Q: Mr. Secretary, [inaudible] attacks taking place over the last several days including the one which involved General Abizaid today. Is it really doable, the timetable that's been set up?
Rumsfeld: There's a lot of confusion in people's minds and in the questions I hear about the timetable. The timetable does not involve security forces. The timetable involves governance and the transfer of sovereignty and that is all that it involves.
The question of the security in the country is this. The coalition forces are there, 34 countries. We have now plus or minus 115,000. The Iraqis now have 200,000 security forces of various types -- police, border patrol, Iraqi civil defense groups, site protection -- and they are increasingly taking over more and more of the responsibility. In the first instance they tend to do it jointly with the U.S. and coalition forces. In some instances they step forward and our forces are back. But there's no timetable for the passing over of security responsibility. It will vary in different parts of the country and always the coalition forces will be prepared to move forward again if for whatever reason that's appropriate.
Q: Sir, your troops are stretched so thin. Is that why you are trying to calm the situation in North Korea and maybe Taiwan Strait, so that to peacefully resolve it so you don't have to get involved militarily?

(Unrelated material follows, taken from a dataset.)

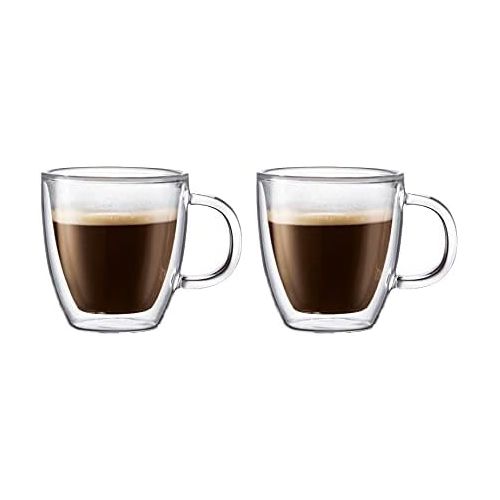  Bodum Bistro Doppelwandige Thermo-Glas Espressobecher fuer heisse und kalte Getranke transparent 2 Stueck verschiedene Groessen 0.45l, 15oz (4-Glasses) Klarglas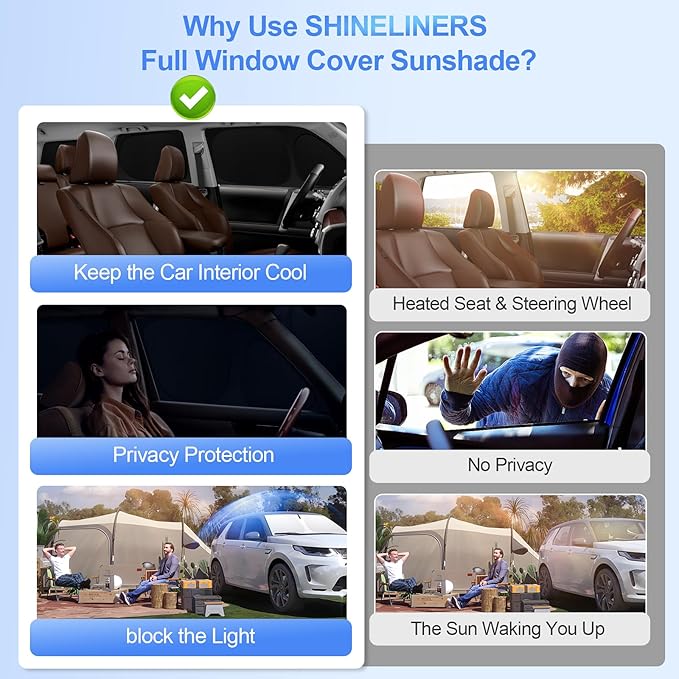 8pcs Car Window Shades for Subaru Outback Wagon 2015-2019 Accessories,Windshield Side Rear Full Sunshade,Sun Visor UV Blocking, Privacy Protection and Blackout for Camping Outdoor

Rumsfeld: Well no, the troops are not stretched so thin. We have all the troops that the combatant commander and the local commanders have asked for and they're doing fine.
It is a dangerous situation because you have a low intensity conflict. You have terrorists coming in through neighboring borders, and there are people who are determined to try to defeat the coalition forces. There isn't any chance in the world they can defeat the coalition forces militarily.
So the reason we do different things in different parts of the country and the world is obvious. It's because different situations call for different things.
Libya has opened up its country and has invited in the world to see that they're willing to disgorge their weapons of mass destruction programs and their ballistic missile delivery systems. That's a good thing. That was done through a variety of methods that seem to be working thus far. The situation in North Korea is on a diplomatic track with Japan and South Korea and Russia and China and other countries, the United States, participating.
Q: What can you tell us about --
Q: -- women who have reported that they were raped or claimed they suffered some sort of sexual assault. From what I understand, you ordered a review into the process by which they go about reporting this. Why not just go ahead with a criminal investigation or --
Rumsfeld: Any time there's a charge, and believe me this department takes a matter of that type very seriously. Any time there's a charge you have two tasks, really. One task is -- You have several tasks.
One task is to deal with the individual who may be the victim, and that has to be done well and properly and it's important.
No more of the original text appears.